Grande séance de soin

performance-installation

 

En 2020, j’ai travaillé dans une entreprise de pompes funèbres à Paris. Il y a une chose qui nous a échappée, c’était le temps. Le temps de prendre soin. Le temps de faire les choses bien. Pourquoi ? Est-ce qu’il y avait urgence ? Il y avait en tout cas, beaucoup de morts à gérer, et trop de vivants désemparés. Alors comment on vit ça ?

 

J’ai compris que les rituels étaient importants. J’ai compris qu’ils nous fallait des espaces sereins et sécuritaires, pour nous permettre d’être là en conscience. J’ai compris qu’il nous fallait réinventer nos gestes. J’ai compris qu’il fallait revenir vers soi, très fort, pour pouvoir aider et comprendre. J’ai compris qu’il nous fallait des objets, parfois. J’ai compris qu’il nous fallait des textes et du son, d’autres fois. J’ai compris qu’il nous fallait être en groupe, mais avec des espaces de solitude respectés. J’ai appris l’existence du métier de thanadoula, qui arrive lentement en France. Une doula offre un soutien non médical durant la grossesse, l’accouchement et la période postnatale. Et pour guider les mourants et leur famille, des accompagnateurs de fin de vie ont ajouté le préfixe thana, raccourci de thanato, élément du grec qui fait référence à la mort.

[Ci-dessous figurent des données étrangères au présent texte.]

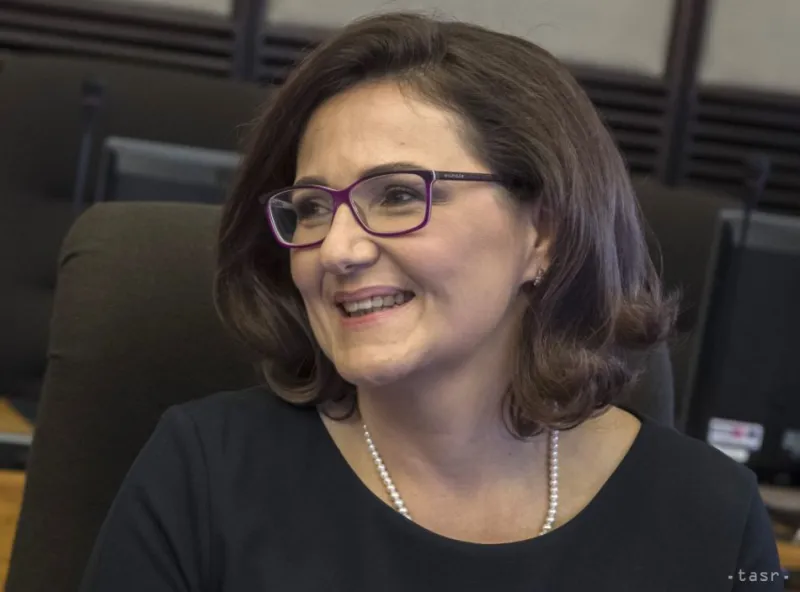 Lubyová praje pedagógom na Vianoce, aby ich platy rástli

J’ai lu « Au bonheur des morts » de Vinciane Despret, qui est une magnifique prise en compte de tous, et un regard curieux sur l’imperceptible. J’ai compris qu’il était important de raconter les histoires, et pas que avec des mots. J’ai aimé les arbres, et senti l’énergie de la nature dans les cimetières, alors que toute la ville était enfermée. J’avais besoin de ces moments de vert, de vivant, de vent. J’ai compris que j’aimerais faire des liens entre tout ça. Comment faire des liens entre la mort et le soin ? Deux gros mots. J’ai lu et entendu des choses sur l’écoféminisme (avec Sandra Laugier ou Jeanne Burgart Goutal comme références) et ça a fait écho. J’ai beaucoup pratiqué l’ASMR, une technique de relaxation maintenant connue et étudiée, qui peut provoquer des sensations agréables, en réponse à du stimulus visuel, auditif, olfactif et ou cognitif. J’ai eu envie d’apporter une modification visuelle et sensorielle, dans des moments de vie banals.

 

C’est à peu près comme ça que j’en suis arrivée à l’envie de proposer cette performance - installation : Grande séance de soin. Je vois ce projet comme une sorte de cérémonie, un rituel, pour revenir à soi. C’est aussi une expérience proposée par des objets, une porte ouverte sur toutes les imaginations, et une reconnaissance des subjectivités.

 

Comment créer un terrain pour le soin ? Comment recevoir ? Comment informer nos corps de douceurs ? Comment prendre en charge poétiquement ? Comment essayer d’être concient.e là où l’on est ? Est-ce en captant des choses de l’imperceptible ? En s’interrogeant sur nos sensations ? En étant attentif.ve.s ? Concentré.e.s ? En faisant confiance ? En se faisant confiance ? Dans quels espaces peut-on avoir confiance ? Dans quelles situations pouvons nous avoir confiance ?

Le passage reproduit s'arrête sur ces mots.